The director of women's and gender studies at the Kutztown University of Pennsylvania said "toxic masculinity" is driving both mass shootings and terror attacks in the United States.
Colleen Clemens, who tweeted repeatedly "Toxic masculinity is killing everyone," in the wake of the shooting Sunday in Texas during which 26 people were killed, told the Washington Free Beacon that both yesterday's massacre and the ISIS-inspired terror attack in New York City on Halloween were the result of a "construct of masculinity that asks men to be inhuman."
"When men feel disenfranchised, and usually it's white men, they will find a way to feel enfranchised—and killing a room-full or street-full of people is them trying to fill that empty feeling," said Clemens. "That drive is motivated by a toxic masculinity and a person who is deeply effected by that toxicity can fall prey to any kind of fanaticism. It can be rabid white, misogynistic nationalism and it can be ISIS."
"There's a similarity in how America and ISIS teaches men to be: men must be virile, strong, powerful," she said. "And men are convinced that the reason they don't have that [power] is because of gains made by women. There's a lot more space now at the table for a lot of different types of identities, and the anxiety that comes of that heightens a specific type of masculinity that thinks masculinity should always be in a place of power."
Toxic masculinity is killing everyone. REPEAT. Toxic masculinity is killing everyone. REPEAT. Toxic masculinity is killing everyone. REPEAT. https://t.co/WFhAdphE14
— Colleen Clemens (@clutzclemens) November 6, 2017
Clemens, who cohosts a feminist activism podcast, recognized that the Texas shooter and the New York attacker were of "different ideological backgrounds," but maintained that "contributing to both stories is men feeling something is being taken away."
"It's a response to a devaluing of a specific kind of privilege, specifically white male privilege," she said.
Texas shooter Devin Kelley killed 12 to 14 children, one as young as 18 months, when he opened fire on the First Baptist Church in Sutherland Spring. Kelley was court-martialed from the Air Force five years ago for assaulting his child and then wife, it was confirmed Monday.
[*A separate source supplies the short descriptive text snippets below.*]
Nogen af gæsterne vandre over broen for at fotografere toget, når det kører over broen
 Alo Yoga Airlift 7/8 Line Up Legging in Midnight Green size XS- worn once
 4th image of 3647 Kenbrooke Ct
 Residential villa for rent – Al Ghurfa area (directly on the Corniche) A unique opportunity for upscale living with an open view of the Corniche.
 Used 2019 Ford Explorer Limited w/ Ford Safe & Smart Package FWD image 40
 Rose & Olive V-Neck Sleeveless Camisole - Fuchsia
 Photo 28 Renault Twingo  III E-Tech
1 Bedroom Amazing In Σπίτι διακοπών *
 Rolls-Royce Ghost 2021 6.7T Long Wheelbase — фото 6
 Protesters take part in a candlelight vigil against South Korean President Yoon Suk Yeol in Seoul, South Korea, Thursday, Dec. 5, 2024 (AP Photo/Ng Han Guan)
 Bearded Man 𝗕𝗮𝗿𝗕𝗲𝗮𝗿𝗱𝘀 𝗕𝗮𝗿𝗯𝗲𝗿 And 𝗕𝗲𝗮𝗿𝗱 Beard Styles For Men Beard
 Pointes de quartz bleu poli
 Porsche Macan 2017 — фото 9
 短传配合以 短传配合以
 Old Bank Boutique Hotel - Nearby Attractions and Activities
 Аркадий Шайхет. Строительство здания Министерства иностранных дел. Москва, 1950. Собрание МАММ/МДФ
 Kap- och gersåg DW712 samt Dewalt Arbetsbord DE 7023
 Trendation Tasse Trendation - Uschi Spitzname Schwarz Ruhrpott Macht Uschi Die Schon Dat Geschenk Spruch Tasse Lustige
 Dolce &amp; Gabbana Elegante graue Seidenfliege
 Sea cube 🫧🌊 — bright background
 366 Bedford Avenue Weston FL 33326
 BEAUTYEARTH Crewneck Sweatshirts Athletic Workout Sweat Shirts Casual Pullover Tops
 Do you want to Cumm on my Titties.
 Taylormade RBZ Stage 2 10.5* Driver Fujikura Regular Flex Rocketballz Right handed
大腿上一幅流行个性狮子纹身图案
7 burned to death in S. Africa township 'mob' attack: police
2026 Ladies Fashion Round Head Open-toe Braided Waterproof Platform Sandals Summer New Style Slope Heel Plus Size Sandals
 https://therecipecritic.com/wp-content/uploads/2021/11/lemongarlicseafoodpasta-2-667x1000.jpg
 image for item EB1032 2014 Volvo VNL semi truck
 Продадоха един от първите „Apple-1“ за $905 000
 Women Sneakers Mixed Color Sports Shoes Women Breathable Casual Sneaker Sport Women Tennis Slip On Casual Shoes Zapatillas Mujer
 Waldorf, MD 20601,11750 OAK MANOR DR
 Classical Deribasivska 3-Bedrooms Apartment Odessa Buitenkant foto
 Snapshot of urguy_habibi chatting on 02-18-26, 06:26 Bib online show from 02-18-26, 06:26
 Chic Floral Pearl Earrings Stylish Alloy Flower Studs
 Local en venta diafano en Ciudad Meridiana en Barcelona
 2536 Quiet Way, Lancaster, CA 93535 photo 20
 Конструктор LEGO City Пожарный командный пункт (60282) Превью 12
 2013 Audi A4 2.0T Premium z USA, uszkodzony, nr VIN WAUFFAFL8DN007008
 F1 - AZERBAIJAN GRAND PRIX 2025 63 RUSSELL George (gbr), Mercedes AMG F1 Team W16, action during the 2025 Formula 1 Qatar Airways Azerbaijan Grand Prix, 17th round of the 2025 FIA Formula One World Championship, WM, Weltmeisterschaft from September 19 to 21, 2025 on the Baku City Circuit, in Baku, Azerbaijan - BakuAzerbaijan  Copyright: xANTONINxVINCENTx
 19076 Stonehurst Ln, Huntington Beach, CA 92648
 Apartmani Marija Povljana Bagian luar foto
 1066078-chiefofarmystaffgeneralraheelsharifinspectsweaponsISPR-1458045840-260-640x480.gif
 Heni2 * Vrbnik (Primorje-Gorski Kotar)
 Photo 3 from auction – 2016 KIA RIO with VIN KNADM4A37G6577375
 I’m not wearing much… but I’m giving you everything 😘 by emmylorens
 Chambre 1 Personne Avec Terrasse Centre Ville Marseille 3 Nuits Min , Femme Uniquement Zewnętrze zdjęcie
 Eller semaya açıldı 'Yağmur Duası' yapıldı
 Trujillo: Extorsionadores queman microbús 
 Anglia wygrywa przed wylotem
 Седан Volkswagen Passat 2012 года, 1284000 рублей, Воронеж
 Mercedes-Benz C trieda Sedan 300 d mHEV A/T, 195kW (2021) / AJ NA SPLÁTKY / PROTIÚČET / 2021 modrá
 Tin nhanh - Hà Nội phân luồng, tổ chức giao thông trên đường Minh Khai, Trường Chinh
He died after the attacks; it is unclear if he was wounded during the assault or if he took his own life.
In Manhattan last week, Uzbek national Sayfullo Habibullaevic Saipov killed eight when he drove a truck into a bicycle lane.
Clemens said America's "structural construct of masculinity" is as harmful to boys as traditional views of women are to girls.
Girls are taught to be "sugar and spice and everything nice," to be quiet and pretty, and so women grow up to "enact" those messages by eating and talking less.
Clemens cited the "fat positivity movement" as part of the effort to teach girls to be "bigger and louder."
She rejected the notion of biology underlying any predilection toward any action.
"We have to undo the idea that women are naturally peaceful and males are naturally violent," she said.
Clemens said she is not attacking all men, or all white men, but that she believes men who commit acts of violence have been indoctrinated by a culture that is "quelling boys' humanity."
"We are ignoring the biggest part of the conversation if we are not talking about what we are doing to these boys when we ask them to participate in a rigged game that creates a space where they feel like they have only one thing left to do," she said.
Clemens retweeted a 2015 article titled, "White guys are killing us: Toxic, cowardly masculinity, our unhealable national illness." More recently, she responded to Vice President Mike Pence during February's Black History Month with, "Thank you, white male savior."